Apaisement au lieu de représailles
Les partenaires commerciaux des États-Unis, à l’exception de la Chine et du Canada, n’ont pour l’instant pas imposé de droits de douane compensatoires, ce qui a permis à M. Trump de poursuivre son offensive commerciale effrénée. Affronter un adversaire qui se soumet unilatéralement, comme le font désormais la plupart des pays, réduit fortement les coûts d’une guerre commerciale pour M. Trump. Le gouvernement canadien de M. Carney est passé de son discours de « droits de douane nuls » et de « riposte » lors des élections à une approche d’apaisement, en levant certains « irritants » commerciaux dans l’espoir de pousser M. Trump à négocier.

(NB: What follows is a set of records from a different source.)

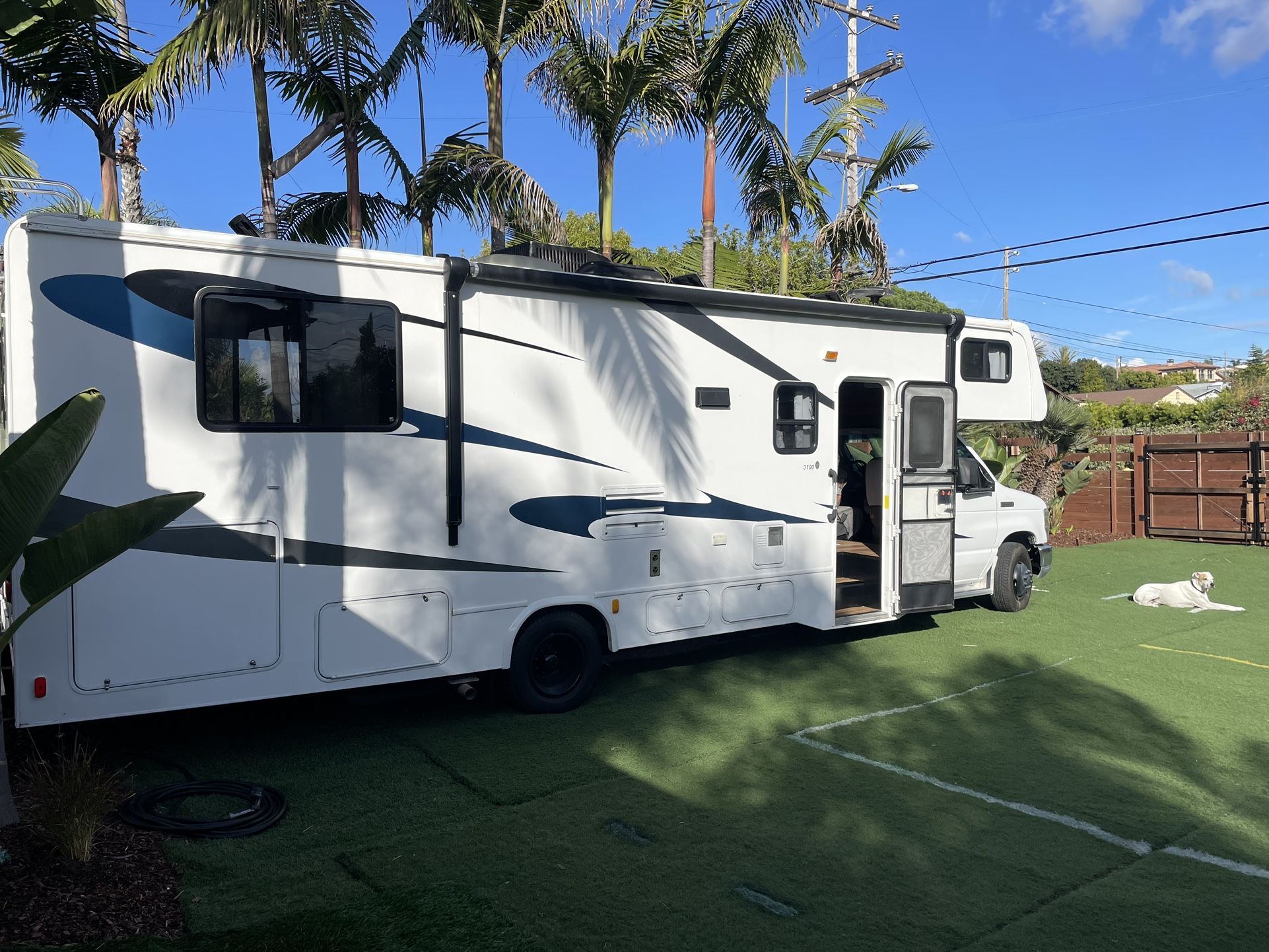 Forest River Sunseeker 31ft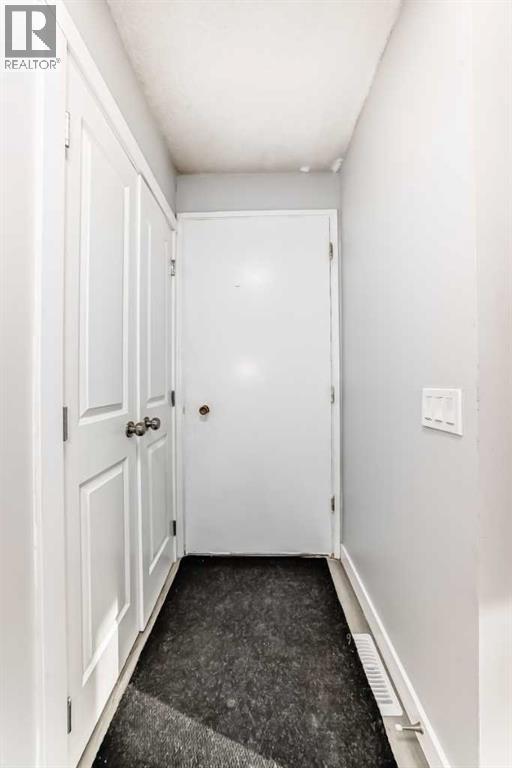 3429 33a Avenue Se, Calgary, Alberta  T2B 0k5 - Photo 7 - A2273161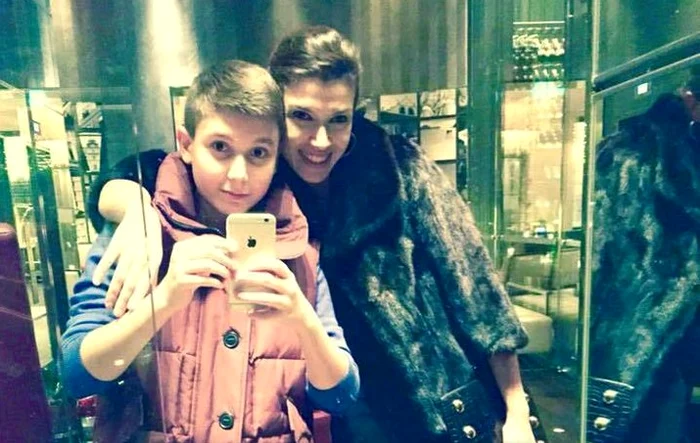 
    Alina Chivulescu și fiul ei  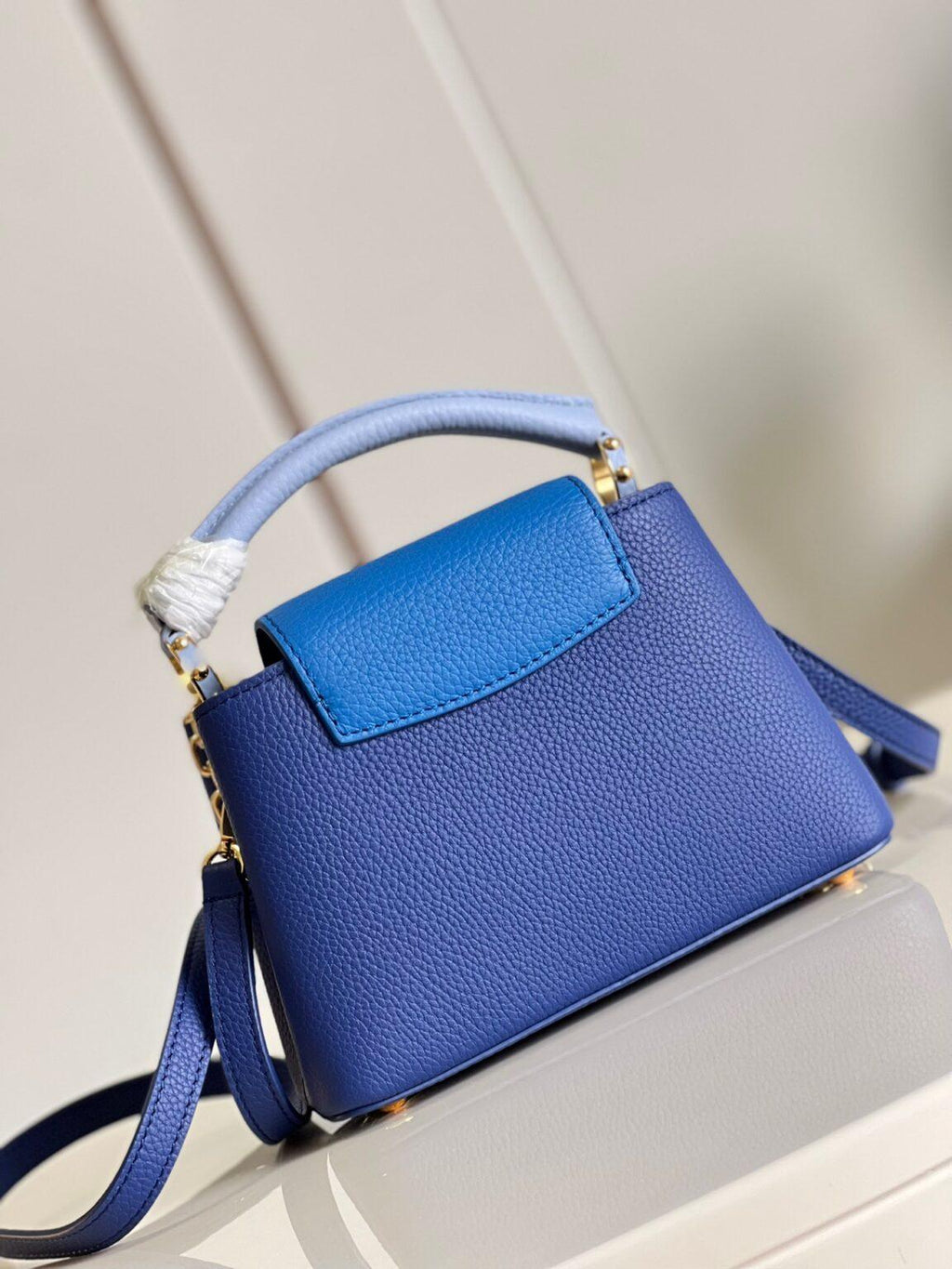 Louis Vuitton Capucines Mini El Çantası Mavi - Glimmer of Luxury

Des moments difficiles s’annoncent pour le Canada
Le gouvernement canadien de Justin Trudeau avait mis en place des droits de douane compensatoires face aux premières mesures liées aux droits de douane de M. Trump, en précisant que les fonds seraient utilisés pour soutenir les secteurs affectés par le commerce. Ces droits de douane ont aujourd’hui été supprimés, comme l’explique le Globe and Mail :
« Ensuite, en août, le Premier ministre, Mark Carney, a indiqué que le Canada renoncerait à sa politique du « coude levé » en supprimant les droits de douane sur les marchandises américaines conformes à l’Accord États-Unis–Mexique–Canada, à compter du 1er septembre. En réalité, un nombre encore plus important d’importations américaines a bénéficié d’exemptions que ce qui avait été annoncé au départ1. »
La tentative du gouvernement Carney de « supprimer les irritants » n’a servi à rien, car M. Trump a depuis lors imposé davantage de droits de douane sur les produits canadiens.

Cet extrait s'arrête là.